In the background, there are video and audio clips of the 2016 Presidential campaign, which was already in full swing by that point. The frontrunner, who became President, is heard talking about how climate change isn't real, how the conference in Paris is a waste of time, and how the then-current President shouldn't be taking such a long trip when there are other things about which to worry (This earns a hearty laugh, since our sitting President can't seem to go a weekend without a trip to one of his golf courses).

Anyone who knows about what happened to the United States' end of the Paris Agreement will spend the movie waiting for the other shoe to drop. Instead, we get a bit of text at the end, telling us how, thanks to the decision of one man, our country has dropped out of that agreement.

One can't blame Bonni Cohen and Jon Shenk, the filmmakers (taking over for Davis Guggenheim, the first film's director), for their optimism. It was a different time when they were making the movie.

Things looked promising. Gore shows charts of how various countries around the globe are using renewable energy sources, such as wind and solar power, and a map of cities within the United States that get all of their energy from such sources. He even has a nice meeting with the mayor of Georgetown, Texas, a Republican from "the reddest city in the reddest county in Texas." At the time of the meeting, about 90 percent of the city's power came from renewable energy (It's now 100 percent). The mayor's thinking is entirely financial: It's cheaper and works as well.

Early on, in one of those training sessions, Gore tells the audience not to despair too much, because there is hope at the end of it. That seems to the filmmakers' philosophy, too, but it comes across as a bit naïve now. They can't be blamed for that, considering the filming schedule, but the end result feels like a runner taking a leisurely victory lap at the very start of a race, as the rest of his or her opponents sprint toward the finish line.

What is vital here is the new information. Gore visits ice sheets in Greenland, which are now full of holes and cracks from melting ice. We see water flooding in powerful spouts under the ice, hastening the sheets' move toward the ocean, where they will melt faster. The city streets of Miami Beach flood, as Gore stands in water about knee-high with city officials who have decided to raise the streets about a foot higher. It's a temporary fix, they know, but as Gore points out, "You can't pump the ocean." A rainstorm violently pounds a city in the Midwest, which is an occurrence that happens so frequently now that people had to give it a name: a "rain bomb." Because the global temperatures are increasing, droughts are more frequent (one of which led to a refugee crisis in Syria before any open conflict began in that country), as are forest fires.
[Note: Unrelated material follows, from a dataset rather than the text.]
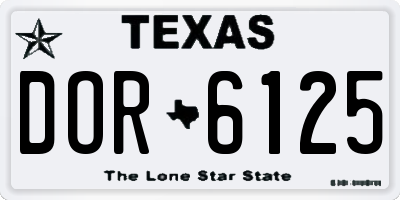 TX license plate DOR6125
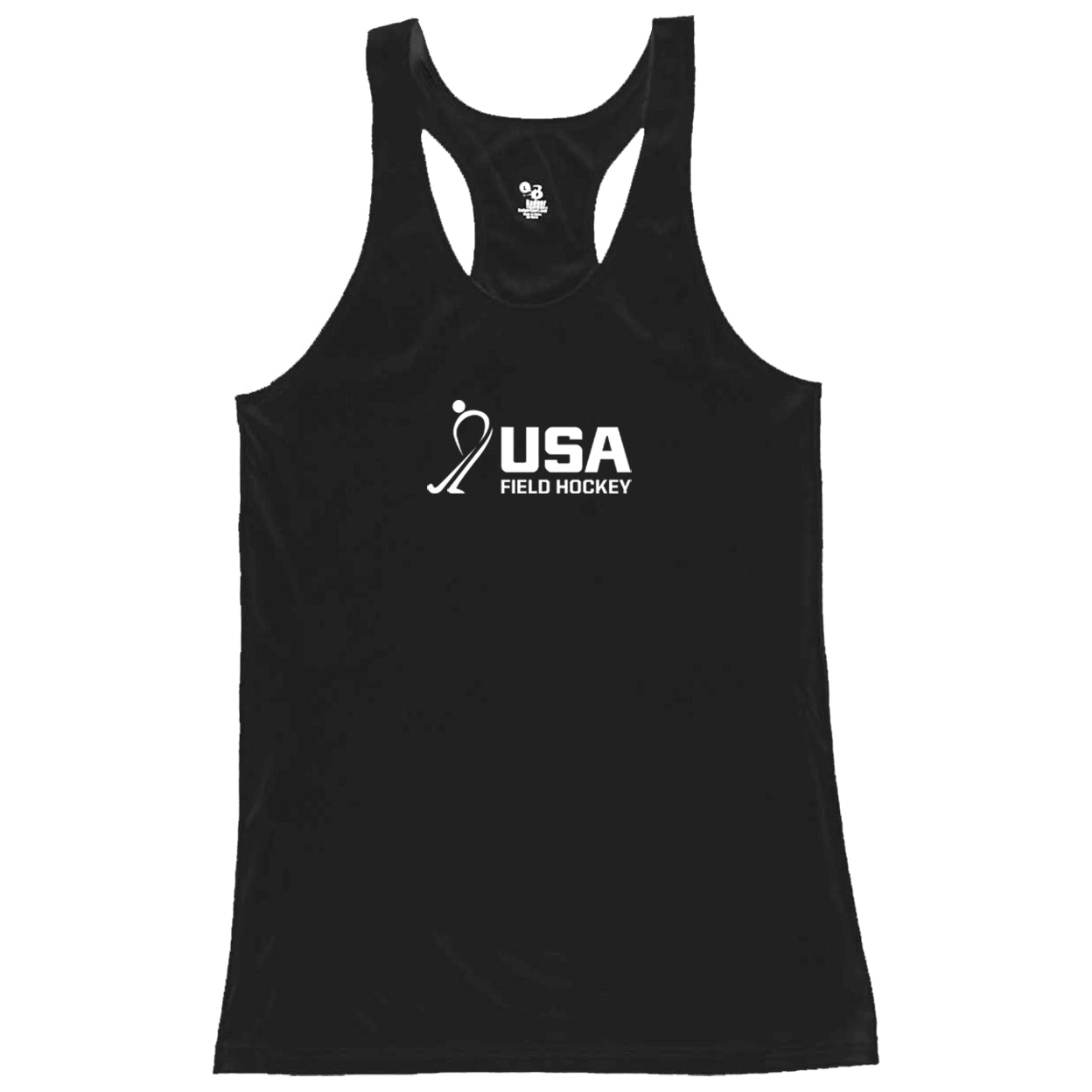 Front of the black USA Field Hockey Racerback Tank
The movie's hope lies in the Paris conference, to which it devotes a good chunk of time. Much of that time is spent following Gore as he attempts to negotiate a deal between the government of India and a solar cell company in California. The Indian government believes it should use fossil fuels to catch up with the rest of the world, since it seems that the developed world doesn't put its money where its mouth is to help developing nations implement renewable energy. The sequence paints Gore as the hero of the Paris conference for his behind-the-scenes wheeling and dealing.

It would be nice if this were a victory, but we know it isn't. Current events already have caught up to An Inconvenient Sequel: Truth to Power in a way that the filmmakers didn't anticipate, even though they probably could have. The movie's final notes include a social media campaign to continue the fight. If that's the best they have, it might be time to rethink the whole hope thing.